A shame that I won't be able to get the first PFAP since some of it is already sold-out, but I'll be getting #7-12 soon. (Next payday?) I'd consider getting AP #1-6 in PDF but I really don't like reading them in PDF and, as I've found with my PFAP#13 PDF, the PF PDFs are hard on my computer. (Crazy, huh? I can run Quake 4 but get crap performance from a PDF. I blame Adobe.)
Eh... The APs are major memory hogs. I use other PDF viewers with similar speed issues. It's not quite as bad but close. The other viewers all have that stupid missing A though.

Slime |

Cpt_kirstov wrote:my "old" college group (2 years ago) ran through AOW in 3 months (one dungeon mag a week) it was sickening (more because we played from 5pm-2 or 3am every week)My group basically is my old college group. We've been playing together for 15 or 16 years (some feast and some famine). We used to pull weekenders, but now that we're all "busy professionals" and family folks, it's much harder to game much more than every-other-Friday night. We still manage to bang out 6-8 hours of socializing and gaming though.
-Skeld
Same here, man I miss those days! Maybe when the kids get older and don't want to stay around us anymore we'll rev it up again ...
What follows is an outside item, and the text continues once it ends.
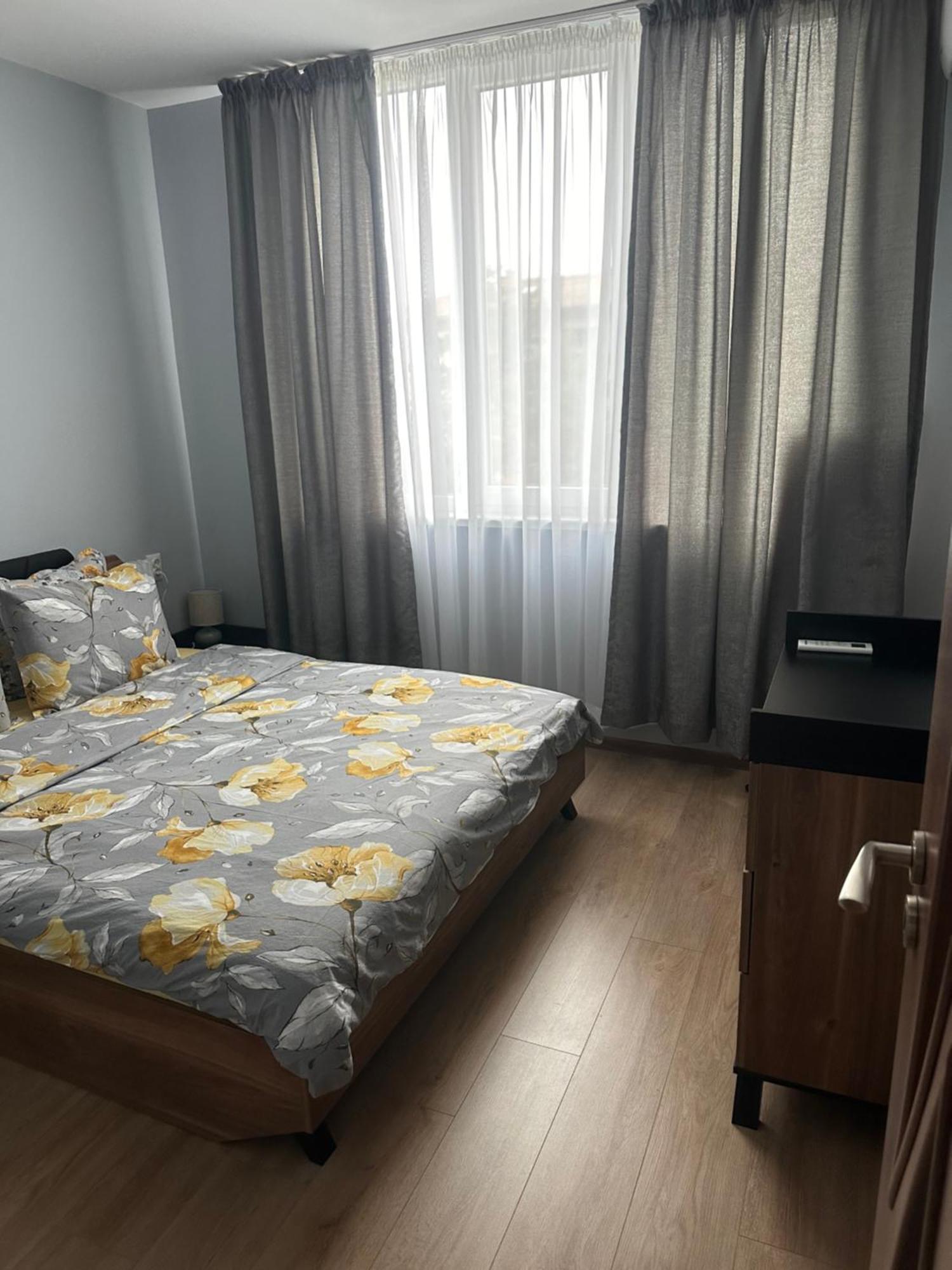 Rose Apartment Karlovo Bagian luar foto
F. Wesley Schneider Contributor |

After having problems with this in RotRL and CotCT, my group will no longer consider playing an AP until all issues are in hand. So, little to no commentary for another 4 months.
That said, unless it's significantly different from its summary I don't think we can play SD as written; to us it seems to have severe problems with PC and player motivation. Maybe it can be adapted in some way to work. But trying to adapt something we've only got 1/6 of in hand definitely sounds like a bad idea.
Mary
Bah, you're doing that whole "give the players a choice" thing, aren't you? I just read the adventures straight out of the book to my players. Way easier.